С такою же абсолютностью слуха на народную "молвь" записала Цветаева "рассказ владимирской няньки Нади", — лишь слегка "прикоснувшись" к нему:
И зажег, голубчик, спичку. — Куды, мамушка, дымок? — В двери, родный, прямо в двери, — Помирать тебе, сынок. — Мне гулять еще охота, Неохота помирать. Хоть бы кто за меня помер! — …Только до ночи и пожил.Среди пестрой лирики семнадцатого года, среди незавершенных или просто слабых стихов встречаются стихотворения, или отдельные строфы, где вместо "красивостей", эффектных словосочетаний, не задевающих душу, возникают емкие и пронзительные строки, достойные соревноваться с лучшими творениями русской поэзии. Так бывает, когда переживаемое чувство или состояние, достигнув самых недр сознания поэта, возвращается на бумагу простой (на первый взгляд) формулой, выстраданной духом и отточенной словом:
Горечь! Горечь! Вечный привкус На губах твоих, о страсть! Горечь! Горечь! Вечный искус — Окончательнее пасть. ………………………. С хлебом ем, с водой глотаю Горечь-горе, горечь-грусть. Есть одна трава такая На лугах твоих, о Русь! И вот — теперь — дрожа от жалости и жара, Одно: завыть как волк, одно: к ногам припасть, Потупиться — понять — что сладострастью кара — Жестокая любовь и каторжная страсть.Марина Цветаева все больше и больше становится поэтом осмысленного чувства или, что то же, — проникнутого страстью смысла, — обе ипостаси для нее одинаково насущны, и они ничего общего не имеют ни с рефлексией, ни с риторикой. Созвучие смыслов ("Стихи: созвучие смыслов", — скажет она) — к этому высшему достижению она придет в зрелой лирике 20-х годов.

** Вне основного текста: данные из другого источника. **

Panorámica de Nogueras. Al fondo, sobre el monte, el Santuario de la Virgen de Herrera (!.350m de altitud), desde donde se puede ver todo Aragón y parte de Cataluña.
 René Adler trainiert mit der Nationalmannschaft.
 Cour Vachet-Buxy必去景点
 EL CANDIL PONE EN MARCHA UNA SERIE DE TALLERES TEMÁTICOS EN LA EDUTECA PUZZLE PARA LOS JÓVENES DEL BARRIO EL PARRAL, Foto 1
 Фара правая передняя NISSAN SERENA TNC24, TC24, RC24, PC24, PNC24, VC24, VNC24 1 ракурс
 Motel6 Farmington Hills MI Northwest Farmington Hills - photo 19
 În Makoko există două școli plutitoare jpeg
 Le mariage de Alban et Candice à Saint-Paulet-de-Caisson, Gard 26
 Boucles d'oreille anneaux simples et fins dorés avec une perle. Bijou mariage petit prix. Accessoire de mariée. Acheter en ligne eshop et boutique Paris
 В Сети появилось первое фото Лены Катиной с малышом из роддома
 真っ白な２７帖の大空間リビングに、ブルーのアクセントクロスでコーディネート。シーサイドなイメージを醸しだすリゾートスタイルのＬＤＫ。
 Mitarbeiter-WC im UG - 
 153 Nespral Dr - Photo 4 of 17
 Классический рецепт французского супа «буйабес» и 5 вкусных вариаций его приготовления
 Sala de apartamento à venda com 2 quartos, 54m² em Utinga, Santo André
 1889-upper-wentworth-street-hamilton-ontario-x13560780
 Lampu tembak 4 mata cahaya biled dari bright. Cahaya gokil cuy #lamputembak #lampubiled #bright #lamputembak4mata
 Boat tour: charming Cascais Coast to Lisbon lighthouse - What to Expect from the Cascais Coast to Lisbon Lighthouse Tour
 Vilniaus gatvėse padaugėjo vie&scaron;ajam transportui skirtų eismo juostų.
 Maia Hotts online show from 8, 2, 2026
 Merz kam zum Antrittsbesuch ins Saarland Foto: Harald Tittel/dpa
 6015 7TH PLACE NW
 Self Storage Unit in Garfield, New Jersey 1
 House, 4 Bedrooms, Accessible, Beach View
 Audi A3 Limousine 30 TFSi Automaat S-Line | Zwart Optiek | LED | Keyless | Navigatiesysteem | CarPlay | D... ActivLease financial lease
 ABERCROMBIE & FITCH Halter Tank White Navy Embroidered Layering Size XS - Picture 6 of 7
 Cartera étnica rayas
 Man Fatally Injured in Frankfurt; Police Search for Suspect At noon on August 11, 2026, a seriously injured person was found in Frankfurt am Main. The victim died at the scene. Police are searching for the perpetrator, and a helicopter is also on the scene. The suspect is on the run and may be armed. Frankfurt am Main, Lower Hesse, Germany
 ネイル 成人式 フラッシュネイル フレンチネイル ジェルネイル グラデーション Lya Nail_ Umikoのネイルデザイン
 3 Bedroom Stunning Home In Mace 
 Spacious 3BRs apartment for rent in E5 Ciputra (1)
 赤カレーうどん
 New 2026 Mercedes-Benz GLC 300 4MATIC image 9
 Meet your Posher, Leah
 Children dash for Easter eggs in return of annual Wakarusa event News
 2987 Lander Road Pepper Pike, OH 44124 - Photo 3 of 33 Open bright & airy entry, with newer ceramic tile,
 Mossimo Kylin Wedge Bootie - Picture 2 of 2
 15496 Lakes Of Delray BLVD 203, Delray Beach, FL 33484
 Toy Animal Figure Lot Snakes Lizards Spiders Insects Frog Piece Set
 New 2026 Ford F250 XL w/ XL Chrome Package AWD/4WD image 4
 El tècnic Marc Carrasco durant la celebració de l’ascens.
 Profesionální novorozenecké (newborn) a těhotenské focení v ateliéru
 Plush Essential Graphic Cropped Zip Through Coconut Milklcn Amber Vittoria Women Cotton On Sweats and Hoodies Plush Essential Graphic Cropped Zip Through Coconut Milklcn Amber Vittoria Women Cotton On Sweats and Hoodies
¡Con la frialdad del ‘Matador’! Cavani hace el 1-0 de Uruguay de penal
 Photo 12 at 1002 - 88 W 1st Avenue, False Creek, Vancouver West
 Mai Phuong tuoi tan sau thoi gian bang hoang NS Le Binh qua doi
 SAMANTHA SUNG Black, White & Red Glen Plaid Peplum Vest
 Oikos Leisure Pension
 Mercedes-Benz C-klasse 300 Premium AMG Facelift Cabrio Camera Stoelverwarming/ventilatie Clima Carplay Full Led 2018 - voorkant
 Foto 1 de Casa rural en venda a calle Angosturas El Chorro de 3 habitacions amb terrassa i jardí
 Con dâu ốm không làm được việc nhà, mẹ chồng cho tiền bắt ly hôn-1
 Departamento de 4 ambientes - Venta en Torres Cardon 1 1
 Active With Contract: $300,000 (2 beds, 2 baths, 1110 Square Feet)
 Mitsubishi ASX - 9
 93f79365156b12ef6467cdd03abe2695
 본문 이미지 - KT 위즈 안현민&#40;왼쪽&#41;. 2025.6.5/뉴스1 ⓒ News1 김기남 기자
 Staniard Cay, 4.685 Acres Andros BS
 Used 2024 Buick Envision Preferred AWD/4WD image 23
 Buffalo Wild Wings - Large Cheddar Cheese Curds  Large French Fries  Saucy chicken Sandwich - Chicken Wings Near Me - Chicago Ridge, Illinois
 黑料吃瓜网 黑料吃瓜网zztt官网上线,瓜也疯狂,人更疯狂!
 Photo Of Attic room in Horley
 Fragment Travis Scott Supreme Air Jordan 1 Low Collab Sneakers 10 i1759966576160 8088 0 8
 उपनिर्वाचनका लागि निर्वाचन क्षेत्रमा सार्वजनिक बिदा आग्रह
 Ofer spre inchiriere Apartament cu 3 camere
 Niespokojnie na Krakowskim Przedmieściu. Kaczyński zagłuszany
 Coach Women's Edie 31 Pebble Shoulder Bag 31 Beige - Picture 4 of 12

К лучшим стихам семнадцатого года относятся такие, в которых лирическая героиня, свободная от всяческих надрывов и "плащей", выявляет свою драматическую суть, как, например, в стихотворении из цикла "Князь тьмы":
Да будет день! — и тусклый день туманный Как саван пал над мертвою водой. Взглянув на мир с полуулыбкой странной: — Да будет ночь! — тогда сказал другой. И, отвернув задумчивые очи, Он продолжал заоблачный свой путь. Тебя пою, родоначальник ночи, Моим ночам и мне сказавший: будь.Ночь и день, тьма и свет, лучи лунный и солнечный; предпочтение первых — вторым… Тема, пришедшая еще из детских стихов ("Связь через сны", "Оба луча"), приобретает философский оттенок.